Через несколько минут мы увидели, как шлюпка огибала лес; экипаж греб изо всех сил. В следующее мгновение показалась другая лодка, гораздо больших размеров. Стоявший на корме человек поднял ружье и выстрелил в шлюпку. Весло выпало из рук одного из матросов; он упал на скамью. Шлюпка продолжала идти вперед. Прежде чем мы успели выстрелить из пушек, большая лодка повернула назад и снова скрылась за мысом. Видя это, капитан сейчас же приказал готовиться другим лодкам для преследования дерзкого незнакомца. Прежде чем шлюпка подошла к кораблю, лодки были уже на воде.
Лейтенант Уорзи доложил капитану, что шлюпка несколько времени подымалась по реке, не видя неприятельского судна, как вдруг экипаж увидел верхушки мачт над лесистым мысом; из-за него вылетела большая лодка. Раздавшиеся с берега выстрелы предупредили лейтенанта о грозившей шлюпке опасности. Он сейчас же повернул обратно.
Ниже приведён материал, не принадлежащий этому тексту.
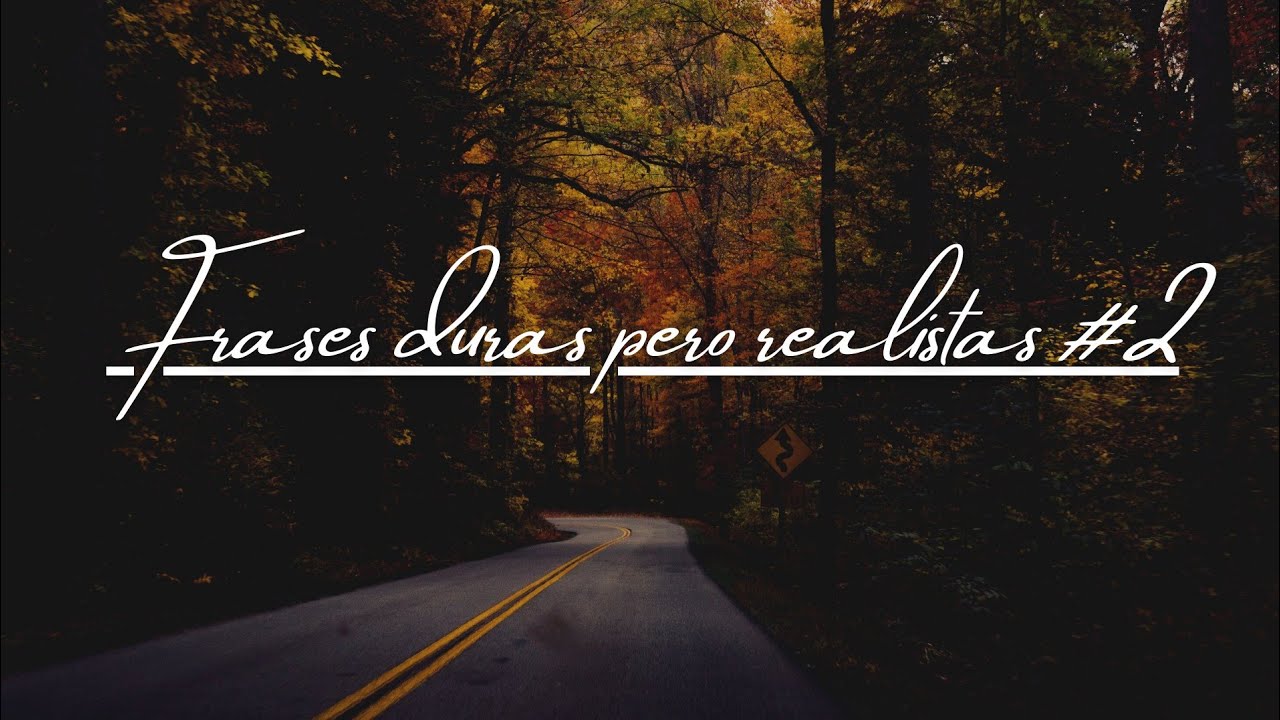 Frases duras pero realistas #2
Напасть на большую лодку было бы безумием при малом количестве людей. «Судно необыкновенно быстроходное, так что лодкам его не догнать; мы с трудом ушли от него», – прибавил лейтенант.
Капитан приказал поднять лодки и еще более утвердился в своем решении ввести корабль в реку. По смелости, с которой лодка собиралась захватить шлюпку, легко было можно судить об экипаже, который или считал себя достаточно сильным, чтобы бороться с военным судном, или предполагал, что мы не осмелимся войти в реку.
Между тем шлюпку с раненым подняли на борт. Он еще дышал, когда его снесли вниз и отдали на попечение доктора, который осмотрел его и сказал, что надежды на выздоровление мало. Экипаж грозился отомстить за него и горел желанием подняться по реке и захватить пиратов.
Мы нетерпеливо ожидали ветра с моря. Якорь был поднят, паруса наготове. Но на стеклянной поверхности океана не было видно ни малейшей ряби.
– Во всяком случае они попали в западню, – заметил Медж, – и должны драться.
– Надеюсь, – ответил я. – Мне хочется видеть хорошее, ожесточенное сражение. Какая будет честь, если неприятель сдастся сразу?!
– Запоешь иную песню, когда вокруг тебя засвистят пули, мальчик, – ответил Медж. – А что касается славы, то ее не приобретешь, если возьмешь в плен негодяя, разбойника. Мне хотелось бы, чтобы это судно сразу пошло ко дну и чтобы нам было как можно меньше хлопот с ним.
Часы летели, а ветер все не подымался. Лейтенант Уорзи заметил, что пиратам удастся, если они захотят, укрепиться на берегу и нам придется брать и укрепление, и судно.
– Это не должно останавливать нас, – заметил капитан, – возьмем сначала корабль, а потом и укрепление.
Наконец на воде показалась легкая зыбь и задул с океана свежий, чистый ветерок. Быстро подняли якорь, и корабль поплыл по руслу к верховьям реки. Берега по обеим ее сторонам были покрыты деревьями, образовывавшими непроницаемые стены зелени, мешавшие нам видеть окрестности. Только вдали поднималось несколько высоких гор.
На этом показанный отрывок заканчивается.